Lincoln leads the Oscar race, Life of Pi is second. But there are more than a few surprises among the nominations.  

It seemed that this year’s Oscar nominations would unfold as expected.  Many prediction and handicapping articles, most of them alike, said so.

Well, not quite.

Yes, the usual subjects are all there in the Best Picture category: Lincoln with 12 nominations over all, Zero Dark Thirty (which opens here tomorrow), Argo, Les Misérables and the others.

Notice: two CIA operations competing against each other. 

But Life of Pi with 11? That’s a surprise. And Amour? A foreign-language film nominated as Best Picture is rare enough, but this one crept its unexpected way into five categories in total, including Director and Screenplay (Michael Haneke), Best Actress (Emmanuelle Riva) and Best Foreign Language Film.

Amour opens here next week. It screened last fall at the Vancouver International Film Festival.

Speaking of directors, where are Kathryn Bigelow, Quentin Tarantino and Ben Affleck? Nowhere, although their films have multiple nods and Tarantino has a writing nomination.

Most satisfying:  Beasts of the Southern Wild got four nominations, including Best Picture, Director and Actress. Little films like this are too often run-over by the big ones.

 

Incidentally, Quvenzhane Wallis is the youngest actress ever nominated as Best, while Amour’s Emmanuelle Riva is the oldest. Emma Stone told us that in this morning’s announcement.

As a Canadian, it’s most satisfying to see that Rebelle, the Quebec film about child soldiers in Africa and listed as War Witch, has made it through to these final nominations.  The Foreign Language category is Amour’s to lose but it’s still a great honor.  Interesting that neither Rust and Bone nor its star Marion Cottilard were nominated.  

Rebelle, which also played at VIFF, will be back at the Pacific Cinematheque on Jan. 18.

A few other notables:

Silver Linings Playbook got a well-deserved eight nominations (as many as the more highly touted Les Miserables) and notably, since it hasn’t happened since 1981, in all four acting categories: Best Actor (Bradley Cooper), Best Actress (Jennifer Lawrence, yeah!), Best Supporting Actor (Robert De Niro) and Best Supporting Actress (Jacki Weaver).

Anne Hathaway got the nomination everybody predicted she’s sure to win: Best Supporting Actress for her 15-minutes of screen time in Les Miserables. Hugh Jackman is up for Best Actor, but Daniel Day-Lewis is surely blocking his way.

Naomi Watts got the nomination she deserved for The Impossible.
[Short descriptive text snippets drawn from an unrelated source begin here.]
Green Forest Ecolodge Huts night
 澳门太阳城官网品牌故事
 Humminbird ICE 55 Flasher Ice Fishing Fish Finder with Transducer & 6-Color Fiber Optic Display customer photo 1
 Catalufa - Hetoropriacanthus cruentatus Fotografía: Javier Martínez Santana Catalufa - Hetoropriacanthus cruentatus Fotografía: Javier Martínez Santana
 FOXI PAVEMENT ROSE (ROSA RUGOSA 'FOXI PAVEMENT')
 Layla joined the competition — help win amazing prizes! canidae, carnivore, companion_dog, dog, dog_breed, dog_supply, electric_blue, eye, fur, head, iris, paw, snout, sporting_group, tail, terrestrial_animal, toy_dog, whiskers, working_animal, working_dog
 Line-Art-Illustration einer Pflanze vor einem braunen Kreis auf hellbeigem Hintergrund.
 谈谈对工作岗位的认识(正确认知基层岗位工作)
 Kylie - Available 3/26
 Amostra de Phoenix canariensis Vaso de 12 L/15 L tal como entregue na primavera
It opens here tomorrow.

Searching for Sugar Man (rediscovering a forgotten singer) and The Invisible War (rape in the US military) are my favorites among the documentaries, and Wreck-It-Ralph is the rambunctious gem among the animated features.

The Master, which never caught on big with audiences, was nominated for its three main actors: Joaquin Phoenix, Philip Seymour Hoffman and Amy Adams.

The biggest money-makers didn’t do much. The Avengers got one nom; The Dark Knight Rises got none. But oddly Snow White and the Huntsman got two, neither for Best Generator of Celebrity Scandal.